Type of Operator Description
Remote Operators that are data source nodes. The evaluation of these operators occurs outside of Power Query.
Streaming Operators are pass-through operators. For example, Table.SelectRows with a simple filter can usually filter the results as they pass through the operator, and won’t need to gather all rows before moving the data. Table.SelectColumns and Table.ReorderColumns are other examples of these sort of operators.
Full scan Operators that need to gather all the rows before the data can move on to the next operator in the chain. For example, to sort data, Power Query needs to gather all the data.
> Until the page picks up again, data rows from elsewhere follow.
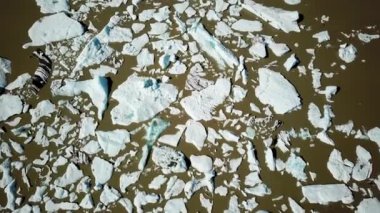 Aerial drone footage of Fjallsarlon glacier lagoon with plenty of icebergs floating in a lake, Iceland. Scenic view of Ice bergs. Artic nature ice landscape. Melting glacier in Iceland. Climate change
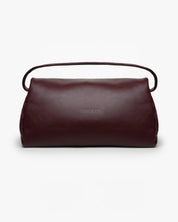 Borsa Puffy Mabash The New Deaux Mega color bordeaux in pelle vegana, vista frontale con manico.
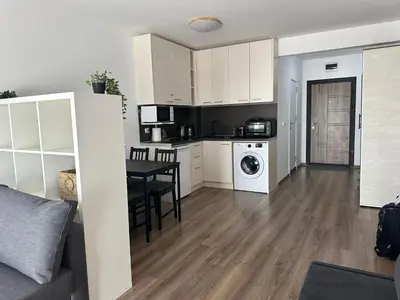 a kitchen and living room with a table and a dining room at Relaxing studio in Shartrez in Shkorpilovtsi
Other examples of full scan operators are Table.Group, Table.NestedJoin, and Table.Pivot.

Tip

While not every transform is the same from a performance standpoint, in most cases, having fewer transforms is usually better.
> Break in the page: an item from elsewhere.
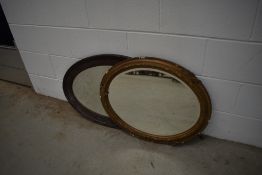 Two oval wall mirrors including gilt frame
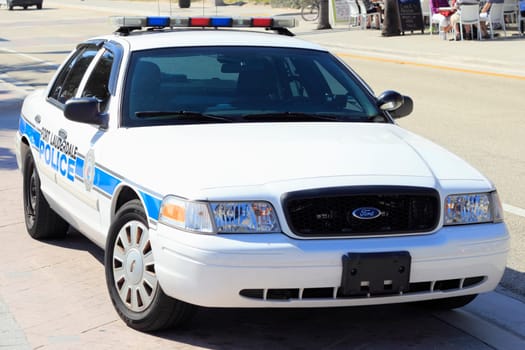 FORT LAUDERDALE, FLORIDA - FEBRUARY 5, 2013: Fort Lauderdale, Florida law enforcement auto seen from the front parked on A1A and people sitting down at an outdoor sidewalk restaurant in the background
Considerations and suggestions

  • Follow the best practices when creating a new query, as stated in Best practices in Power Query.
  • Use the query folding indicators to check which steps are preventing your query from folding. Reorder them if necessary to increase folding.
  • Use the query plan to determine which transforms are happening at the Power Query engine for a particular step. Consider modifying your existing query by re-arranging your steps. Then check the query plan of the last step of your query again and see if the query plan looks better than the previous one. For example, the new query plan has less nodes than the previous one, and most of the nodes are “Streaming” nodes and not “full scan”. For data sources that support folding, any nodes in the query plan other than Value.NativeQuery and data source access nodes represent transforms that didn’t fold.
  • When available, you can use the View Native Query (or View data source query) option to ensure that your query can be folded back to the data source. If this option is disabled for your step, and you're using a source that normally enables it, you've created a step that stops query folding. If you're using a source that doesn't support this option, you can rely on the query folding indicators and query plan.
  • Use the query diagnostics tools to better understand the requests being sent to your data source when query folding capabilities are available for the connector.
  • When combining data sourced from the use of multiple connectors, Power Query tries to push as much work as possible to both of the data sources while complying with the privacy levels defined for each data source.
  • Read the article on privacy levels to protect your queries from running against a Data Privacy Firewall error.
  • Use other tools to check query folding from the perspective of the request being received by the data source. Based on the example in this article, you can use the Microsoft SQL Server Profiler to check the requests being sent by Power Query and received by the Microsoft SQL Server.
  • If you add a new step to a fully folded query and the new step also folds, Power Query might send a new request to the data source instead of using a cached version of the previous result. In practice, this process can result in seemingly simple operations on a small amount of data taking longer to refresh in the preview than expected. This longer refresh is due to Power Query requerying the data source rather than working off a local copy of the data.